LGAINov 18, 2025

How to Marginalize in Causal Structure Learning?

arXiv:2511.14001v1
Originality Incremental advance
AI Analysis

This work addresses a bottleneck in causal structure learning for researchers and practitioners using Bayesian networks, representing an incremental improvement with a novel method for a known limitation.

The paper tackles the challenge of marginalizing over probability distributions in Bayesian network structure learning by introducing a method using tractable probabilistic circuits, which improves performance compared to existing dynamic programming approaches.

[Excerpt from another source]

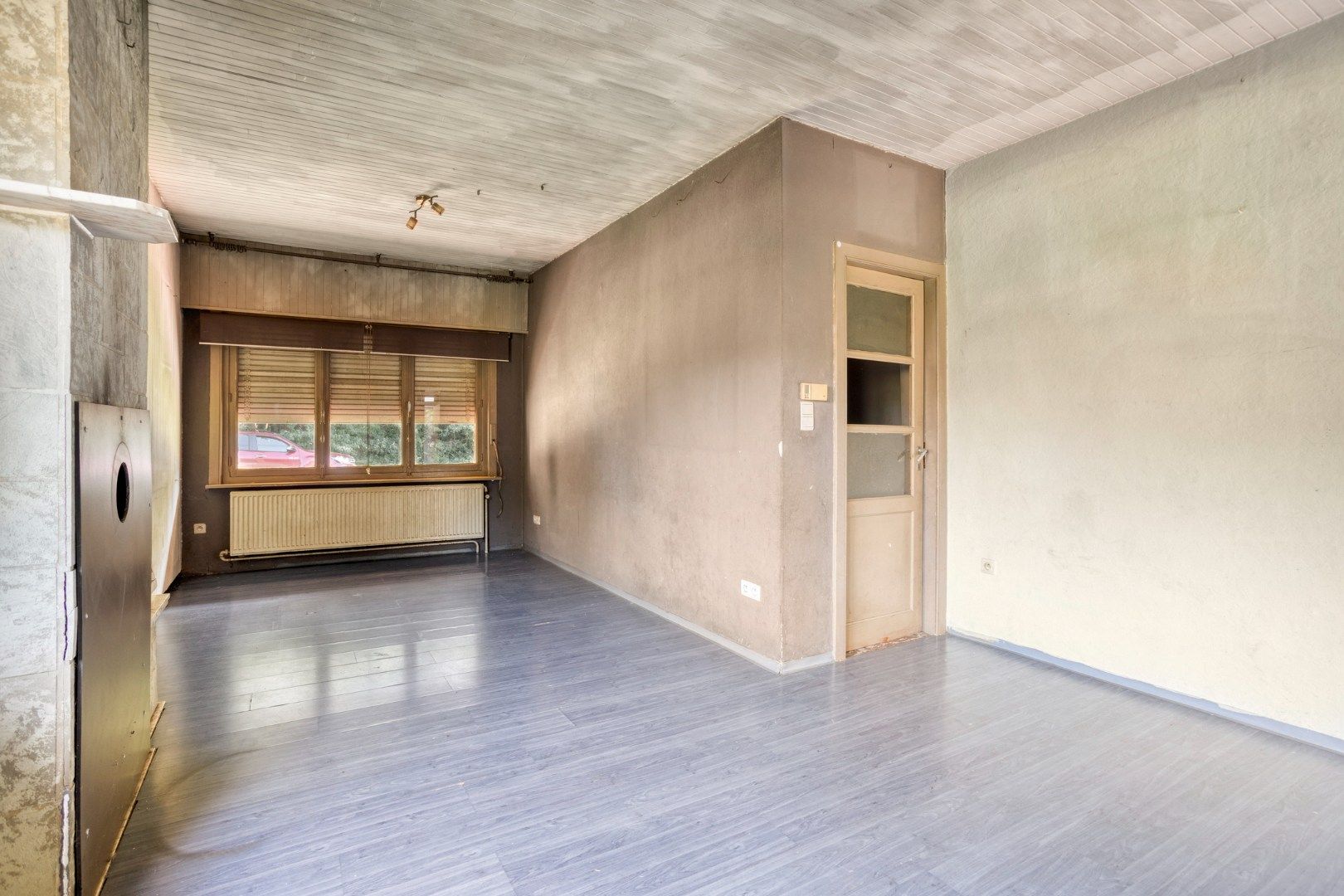 Te renoveren woning, rustig en landelijk gelegen op 1.265 m² nabij het centrum ! foto 3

Bayesian networks (BNs) are a widely used class of probabilistic graphical models employed in numerous application domains. However, inferring the network's graphical structure from data remains challenging. Bayesian structure learners approach this problem by inferring a posterior distribution over the possible directed acyclic graphs underlying the BN. The inference process often requires marginalizing over probability distributions, which is typically done using dynamic programming methods that restrict the set of possible parents for each node. Instead, we present a novel method that utilizes tractable probabilistic circuits to circumvent this restriction. This method utilizes a new learning routine that trains these circuits on both the original distribution and marginal queries. The architecture of probabilistic circuits then inherently allows for fast and exact marginalization on the learned distribution. We then show empirically that utilizing our method to answer marginals allows Bayesian structure learners to improve their performance compared to current methods.